Other Financial Industry Activities and Affiliations
BigSur Real Estate LLC is under common control with BigSur. BigSur Real Estate and BigSur
Partners (collectively, “BigSur RE”), serves as director or general partner to certain legacy entities
which was created to provide access and facilitate investments into certain real estate opportunities
via a private placement offering. BigSur RE does not engage in the actual day–to-day management
of the selected real property investments.
BigSur RE does not receive any type of compensation directly or indirectly for its role as a director
or general partner of pooled investment vehicles that invest in real estate investments. Certain
management, executive officers and independent contractors of BSWM are also associated with
BigSur RE. Potential conflicts of interest may arise to the extent that non-advisory activities
performed by BigSur RE require time commitment from our principals and employees, thus
potentially taking away the amount of time they dedicate to management of advisory Client
accounts.
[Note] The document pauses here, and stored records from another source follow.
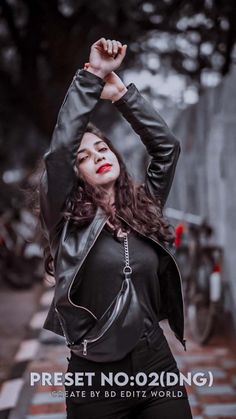 a woman in black leather jacket and pants posing for the camera with her arms up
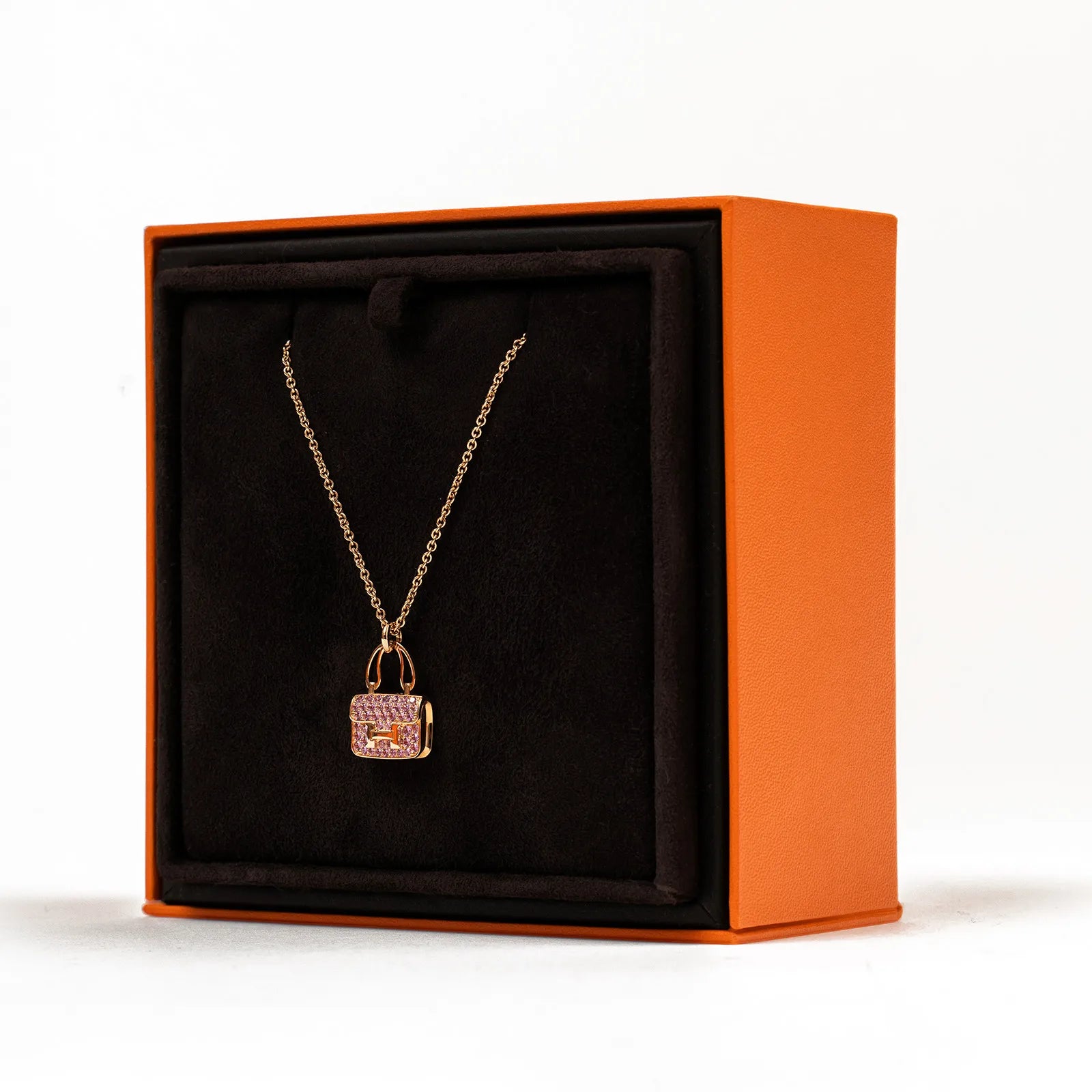Hermès Amulettes Constance Pendant 18K Rose Gold and Pink Saphhire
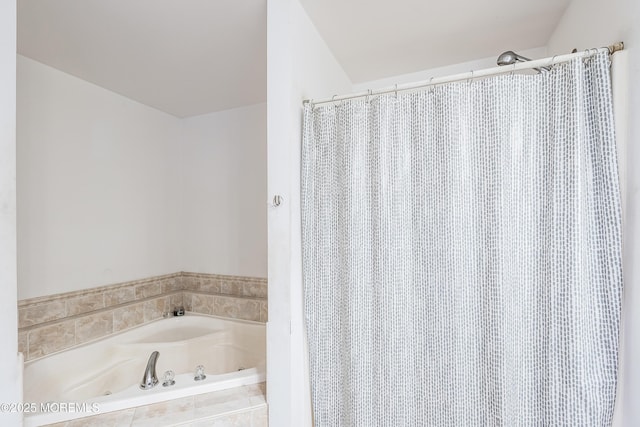 bathroom featuring tiled tub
Furthermore, BSWM is deemed to have custody as result of its related person, BigSur
RE, acting as the general partner/director of pooled investments vehicles for which BigSur provides
advisory services.
Since we endeavor at all times to put the interest of our clients first as part of our fiduciary duty as
a registered investment adviser and take the following steps in an effort to address these potential
conflicts:
1. We disclose to clients the existence of all material conflicts of interest, including the
potential for our Firm and its Advisors to dedicate significant amount of time related to
activities of BigSur RE. Clients are informed that BigSur RE will not earn any type of
extra compensation from advisory Clients that invest in pooled investment vehicles where
BigSur RE serves as director or general manager;
2. Advisors and Employees of BigSur RE will not have input or decision making capabilities
related to holdings of the pooled investment vehicle;
3. We do not pay or collect referral fees when clients invests in pooled investment vehicles;
4. As an Adviser to a pooled unregistered investment vehicle, we are subject to an annual
audit by an independent public accountant registered with, and subject to regular inspection
by the PCAOB and distributes the audited financial statements to each investor in the pool
within 120 days after the pool's fiscal year end;
BigSur RE, as Director to the pooled investment vehicle, supervises the conduct of the vehicle’s
affairs. BigSur RE has delegated the investment management activities, the authority to make all
investment decisions, and otherwise management of the business affairs to BSWM as the
investment manager.
Separately, certain BSWM personnel serve as board members on companies outside of the financial
services industry. BSWM will ensure that it monitors and supervises such outside business
activities accordingly to ensure any potential conflict of interests identified are mitigated and/or
eliminated.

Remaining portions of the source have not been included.